As the fifth overall pick of the 2002 draft, 51s relief pitcher Clint Everts was chosen over an array of future All-Stars in the first round, including pitchers Zack Greinke, Cole Hamels, Matt Cain and Scott Kazmir, and sluggers Prince Fielder and Nick Swisher.
But while each of those players long ago made his mark in the majors, Everts has yet to make it there.
"It turned out to be a pretty good draft. Obviously I'd like to be in their position, but it didn't work out that way," Everts said Monday prior to the 51s' 9-6 win over Fresno at Cashman Field. "I was expecting to do well, but this game's pretty humbling. Talent can only take you so far.

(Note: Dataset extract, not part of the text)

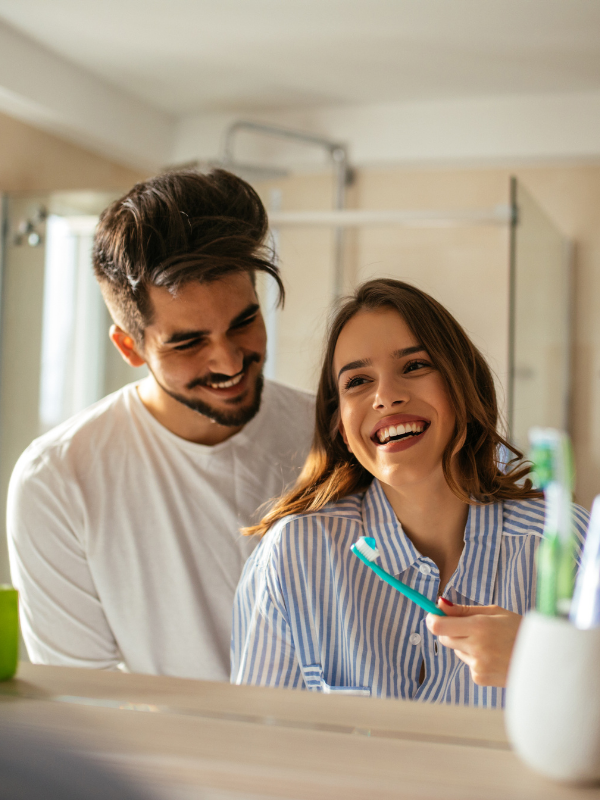 couple-brushing-teeth-and-smiling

"I was pretty young and I didn't really work as hard as I should have."
Everts' work ethic has changed for the better, but one thing that hasn't changed for the 27-year-old - in his 10th season in the minors - is his passion for the sport.
"I still love the game and I really feel like I can pitch at the major league level," he said. "I think I have the stuff, it's just a matter of being consistent every day."

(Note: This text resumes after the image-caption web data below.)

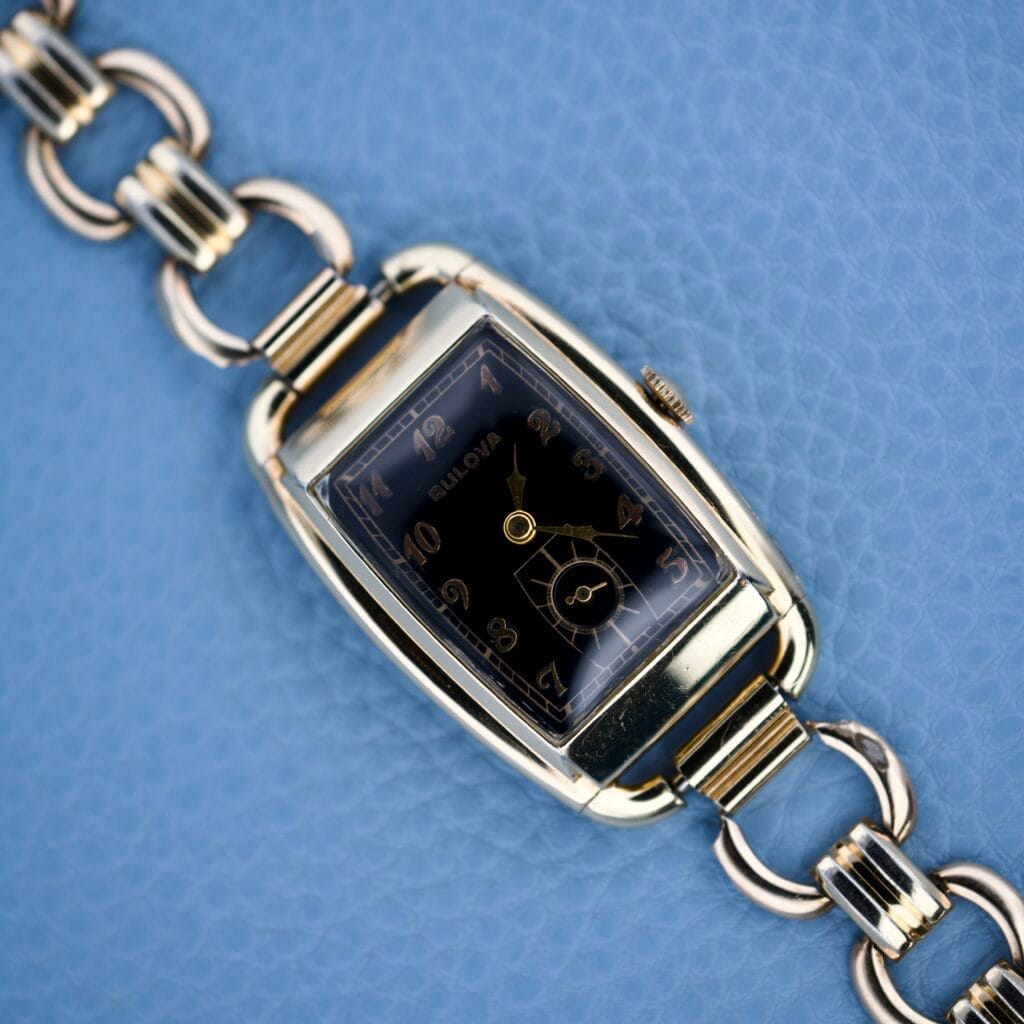 Bulova Art Deco Black Dial With Arabic Numerals Cal. 10 AK wristwatch with a rectangular face, shown on a blue textured background.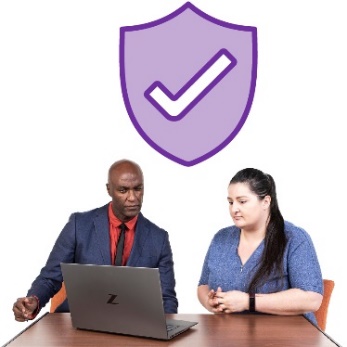 A safety icon and 2 people using a laptop.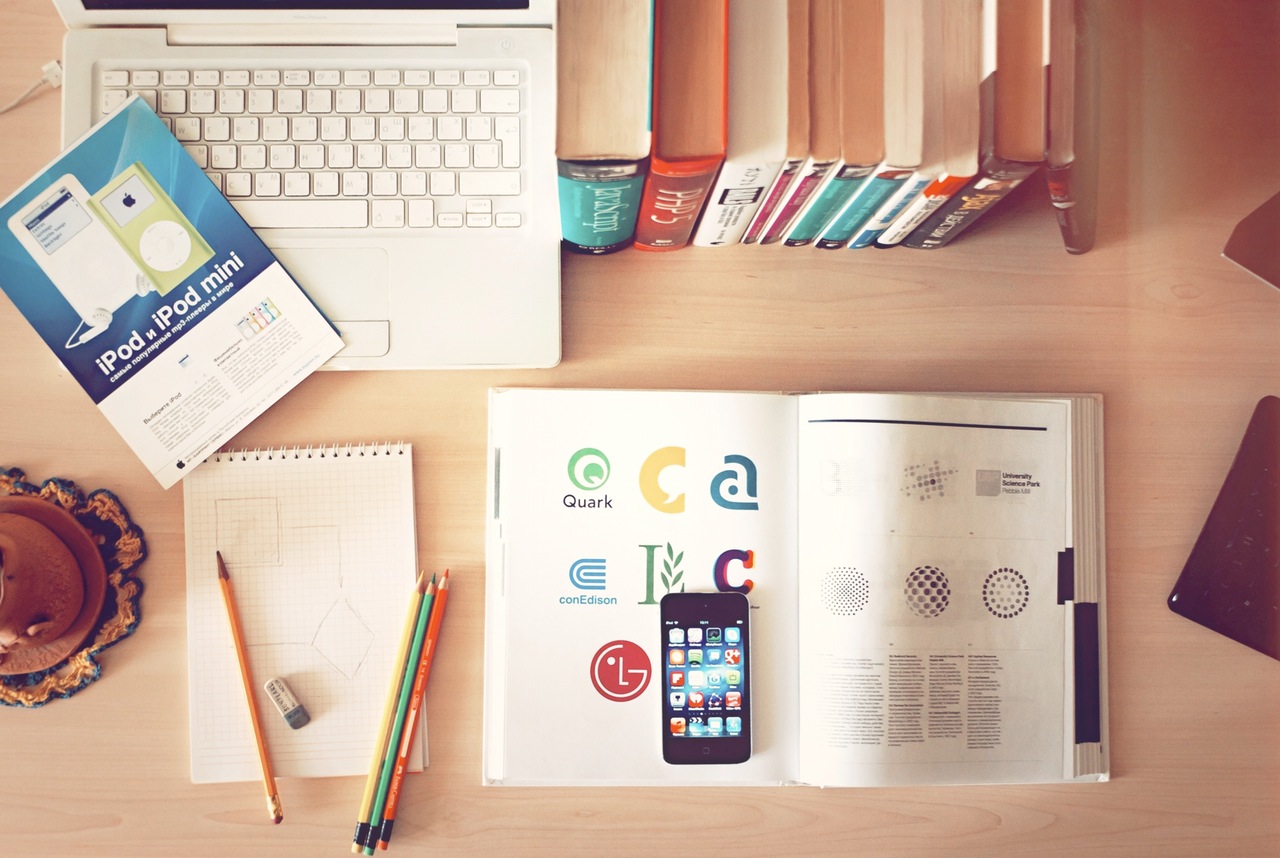 Desk with school books and laptop.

Everts has emerged as one of Las Vegas' most reliable pitchers, compiling a 2.92 ERA and two saves in 37 innings over 18 games, with 29 strikeouts and 14 walks.
"He's been lights-out," pitching coach Bob Stanley said.

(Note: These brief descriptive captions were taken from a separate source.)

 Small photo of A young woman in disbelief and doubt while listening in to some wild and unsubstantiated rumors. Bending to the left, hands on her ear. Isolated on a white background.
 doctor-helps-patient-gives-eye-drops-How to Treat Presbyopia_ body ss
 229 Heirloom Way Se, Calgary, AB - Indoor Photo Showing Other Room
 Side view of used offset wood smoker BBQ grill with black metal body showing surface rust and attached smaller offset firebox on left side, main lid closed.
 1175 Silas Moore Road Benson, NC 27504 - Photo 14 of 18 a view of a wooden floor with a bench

With a rash of injuries decimating parent Toronto's pitching staff, this might be the year Everts finally reaches the big leagues.
"He's throwing the ball really well for us. You never know," Stanley said. "He's got a real good attitude."
Besides his success this year, Everts was given another reason to rejoice July 10, when his wife Danielle gave birth to the couple's first child, Elle Olivia Everts.
"It was beautiful," Everts said. "I'm pretty excited about it."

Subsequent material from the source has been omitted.